Вот основная идеи самоподдерживающейся цепной ядерной реакции.

Огромное значение цепной реакции заключается в том, что атом, расщепленный нейтроном пополам, разрывается с колоссальной силой и при этом освобождается огромное количество энергии; как я уже говорила, факт этот был проверен на опыте Мейтнер и Фришем. Впервые человек своими глазами узрел возможность использовать безграничные источники атомной энергии.

Об атомном оружии начали поговаривать в тот момент, когда война казалась почти неизбежной. Всех пугала мысль, что расщепление было открыто именно в Германии. А вдруг немцы сумеют оборудовать свои военные корабли атомными двигателями? Или — что еще хуже! — устроят какой-нибудь атомный взрыв?
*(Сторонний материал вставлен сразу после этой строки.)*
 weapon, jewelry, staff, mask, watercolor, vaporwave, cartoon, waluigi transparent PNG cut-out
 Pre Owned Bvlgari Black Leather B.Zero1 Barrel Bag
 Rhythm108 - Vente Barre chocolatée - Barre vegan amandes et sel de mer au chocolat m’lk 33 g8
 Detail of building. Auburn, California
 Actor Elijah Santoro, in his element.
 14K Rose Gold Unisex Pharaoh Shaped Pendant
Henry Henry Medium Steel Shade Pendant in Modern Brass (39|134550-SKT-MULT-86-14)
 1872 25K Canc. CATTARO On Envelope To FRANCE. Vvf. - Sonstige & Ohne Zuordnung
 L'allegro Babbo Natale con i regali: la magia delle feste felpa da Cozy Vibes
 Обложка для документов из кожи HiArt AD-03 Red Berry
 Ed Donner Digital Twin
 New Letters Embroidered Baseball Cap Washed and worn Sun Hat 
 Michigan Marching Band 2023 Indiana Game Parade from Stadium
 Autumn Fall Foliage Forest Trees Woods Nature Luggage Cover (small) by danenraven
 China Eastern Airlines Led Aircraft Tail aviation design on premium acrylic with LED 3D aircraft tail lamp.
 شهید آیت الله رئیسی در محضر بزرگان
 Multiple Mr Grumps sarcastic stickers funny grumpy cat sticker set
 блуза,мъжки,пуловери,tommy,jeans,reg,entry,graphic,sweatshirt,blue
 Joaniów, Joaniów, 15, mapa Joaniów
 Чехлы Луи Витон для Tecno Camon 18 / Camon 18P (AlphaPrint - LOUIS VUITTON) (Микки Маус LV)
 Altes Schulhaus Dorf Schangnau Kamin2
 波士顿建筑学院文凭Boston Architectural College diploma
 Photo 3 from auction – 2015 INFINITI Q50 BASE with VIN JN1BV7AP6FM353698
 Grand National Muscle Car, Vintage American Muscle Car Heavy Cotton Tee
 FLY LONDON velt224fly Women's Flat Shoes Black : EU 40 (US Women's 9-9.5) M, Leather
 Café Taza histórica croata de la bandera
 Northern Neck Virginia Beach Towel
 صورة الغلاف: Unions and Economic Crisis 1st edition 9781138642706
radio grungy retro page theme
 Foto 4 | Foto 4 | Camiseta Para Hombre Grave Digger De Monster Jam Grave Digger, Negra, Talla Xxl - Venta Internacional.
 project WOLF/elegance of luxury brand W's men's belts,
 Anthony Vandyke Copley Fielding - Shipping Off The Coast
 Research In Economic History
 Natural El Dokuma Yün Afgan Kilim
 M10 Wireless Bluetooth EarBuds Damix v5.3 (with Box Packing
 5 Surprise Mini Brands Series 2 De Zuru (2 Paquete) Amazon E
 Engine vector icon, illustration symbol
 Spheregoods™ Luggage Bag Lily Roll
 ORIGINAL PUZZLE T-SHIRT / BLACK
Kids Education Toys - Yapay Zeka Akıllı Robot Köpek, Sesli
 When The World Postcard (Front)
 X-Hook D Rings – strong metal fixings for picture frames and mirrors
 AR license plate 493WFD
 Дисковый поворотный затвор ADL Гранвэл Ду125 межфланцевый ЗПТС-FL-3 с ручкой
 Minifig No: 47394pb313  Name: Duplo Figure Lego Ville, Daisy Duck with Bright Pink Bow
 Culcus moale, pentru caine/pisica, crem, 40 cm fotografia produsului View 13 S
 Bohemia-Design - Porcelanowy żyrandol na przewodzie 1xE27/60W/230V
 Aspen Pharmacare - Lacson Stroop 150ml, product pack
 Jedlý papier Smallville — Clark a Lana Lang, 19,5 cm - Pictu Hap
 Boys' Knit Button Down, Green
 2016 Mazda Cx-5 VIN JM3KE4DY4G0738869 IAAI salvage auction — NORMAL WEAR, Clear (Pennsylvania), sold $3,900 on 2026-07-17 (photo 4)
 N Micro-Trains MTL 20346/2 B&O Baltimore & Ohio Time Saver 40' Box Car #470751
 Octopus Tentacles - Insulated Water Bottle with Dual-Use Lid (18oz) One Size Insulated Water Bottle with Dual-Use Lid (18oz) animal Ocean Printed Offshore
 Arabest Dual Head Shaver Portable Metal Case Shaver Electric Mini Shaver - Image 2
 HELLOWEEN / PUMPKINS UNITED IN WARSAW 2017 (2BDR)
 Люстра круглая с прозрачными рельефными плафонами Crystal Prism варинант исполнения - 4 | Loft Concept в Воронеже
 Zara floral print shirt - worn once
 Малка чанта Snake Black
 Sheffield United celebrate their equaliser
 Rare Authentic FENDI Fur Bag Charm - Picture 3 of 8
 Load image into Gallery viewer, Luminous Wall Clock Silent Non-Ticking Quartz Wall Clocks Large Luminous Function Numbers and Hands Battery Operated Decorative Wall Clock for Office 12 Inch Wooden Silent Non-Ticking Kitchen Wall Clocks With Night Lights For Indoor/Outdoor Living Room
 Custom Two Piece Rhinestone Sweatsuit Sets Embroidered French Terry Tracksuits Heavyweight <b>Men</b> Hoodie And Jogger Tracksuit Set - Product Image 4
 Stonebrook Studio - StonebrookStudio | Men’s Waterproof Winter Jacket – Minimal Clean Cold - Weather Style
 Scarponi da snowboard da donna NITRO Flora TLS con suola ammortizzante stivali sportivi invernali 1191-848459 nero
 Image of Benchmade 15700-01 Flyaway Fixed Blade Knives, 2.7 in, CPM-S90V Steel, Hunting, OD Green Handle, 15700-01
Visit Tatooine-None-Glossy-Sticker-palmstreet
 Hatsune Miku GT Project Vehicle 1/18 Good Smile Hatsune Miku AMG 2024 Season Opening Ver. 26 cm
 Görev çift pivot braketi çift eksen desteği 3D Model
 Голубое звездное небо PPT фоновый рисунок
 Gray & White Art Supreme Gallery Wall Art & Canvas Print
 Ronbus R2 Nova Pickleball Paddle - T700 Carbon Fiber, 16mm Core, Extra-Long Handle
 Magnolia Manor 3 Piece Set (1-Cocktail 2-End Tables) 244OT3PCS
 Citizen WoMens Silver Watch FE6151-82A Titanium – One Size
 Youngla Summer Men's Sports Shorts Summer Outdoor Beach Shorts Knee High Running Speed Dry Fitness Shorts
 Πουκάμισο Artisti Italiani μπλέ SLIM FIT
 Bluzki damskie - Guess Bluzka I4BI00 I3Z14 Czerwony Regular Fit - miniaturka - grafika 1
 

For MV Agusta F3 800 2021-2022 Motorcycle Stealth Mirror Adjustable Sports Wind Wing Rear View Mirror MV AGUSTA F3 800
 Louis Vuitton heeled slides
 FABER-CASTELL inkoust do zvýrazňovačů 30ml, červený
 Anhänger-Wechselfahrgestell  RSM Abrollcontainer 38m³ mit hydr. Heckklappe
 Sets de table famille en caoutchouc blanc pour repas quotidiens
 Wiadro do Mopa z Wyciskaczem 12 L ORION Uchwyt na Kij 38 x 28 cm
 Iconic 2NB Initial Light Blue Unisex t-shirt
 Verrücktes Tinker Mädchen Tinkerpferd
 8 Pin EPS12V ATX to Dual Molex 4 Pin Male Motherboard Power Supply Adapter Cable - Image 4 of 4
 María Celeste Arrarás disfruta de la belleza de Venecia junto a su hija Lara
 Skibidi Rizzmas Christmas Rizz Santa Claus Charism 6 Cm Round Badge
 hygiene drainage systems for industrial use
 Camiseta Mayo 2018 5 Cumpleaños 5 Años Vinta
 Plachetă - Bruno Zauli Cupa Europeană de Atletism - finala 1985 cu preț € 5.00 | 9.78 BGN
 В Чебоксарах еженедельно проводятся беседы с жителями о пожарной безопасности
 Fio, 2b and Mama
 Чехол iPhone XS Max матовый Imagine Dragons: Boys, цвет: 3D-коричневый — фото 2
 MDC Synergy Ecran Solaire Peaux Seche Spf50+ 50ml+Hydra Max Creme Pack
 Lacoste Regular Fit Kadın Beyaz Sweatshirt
Но оставалась еще надежда, что осуществить самоподдерживающуюся цепную реакцию вряд ли окажется возможным на практике. Процесс выделения нейтронов, нарисованный Энрико, был в сущности идеальным, потому что на самом деле отнюдь не все нейтроны, выделяющиеся при расщеплении, будут попадать в атомы урана. Многие из них поглотятся веществом прежде, чем соприкоснутся с ураном. Кроме того, нейтроны, образующиеся при расщеплении, движутся с невероятной скоростью и не могут быть использованы в качестве атомных снарядов, если только не будет найден способ замедлить их движение.

Эта сложная проблема возбудила огромный интерес, и физики немедленно приступили к опытам. Работа в этой области развернулась во многих университетах, а начало всему положил Колумбийский университет.

Вскоре после своего приезда в Америку Бор пришел в Колумбийский университет повидаться с Энрико, но застал вместо него Герберта Андерсона.

Герберт, по-видимому, не проявил излишней застенчивости, потому что кончилось тем, что Бор сам заговорил с ним о расщеплении. Андерсон слушал его очень внимательно и, как только Бор ушел, бросился искать Энрико.

— Почему бы вам не включить в план вашей работы опыты по расщеплению с помощью нашего циклотрона? — спросил он. — Мне бы так хотелось поработать с вами! А ведь это такой случай! Лучше и не придумаешь!

В Энрико мигом проснулся экспериментатор. Ему еще не приходилось играть с этой игрушкой — циклотроном.

Циклотрон — это машина, ускоряющая движение заряженных частиц, например, протонов. Эти частицы, если их не отклоняет воздействие каких-нибудь сил извне, движутся по прямой линии; попыткам ускорить их движение препятствовало то, что они так быстро уносились прочь, что оказывались за пределами досягаемости прежде, чем им успевали сообщить нужную скорость. Это затруднение преодолел Эрнест О. Лоуренс, сконструировав свой первый циклотрон, который принес ему Нобелевскую премию. Очень большой магнит искривляет путь частиц и не дает им выйти из цилиндрического ящика, где они непрерывно вращаются все с большей и большей скоростью, пока не приобретут огромную энергию.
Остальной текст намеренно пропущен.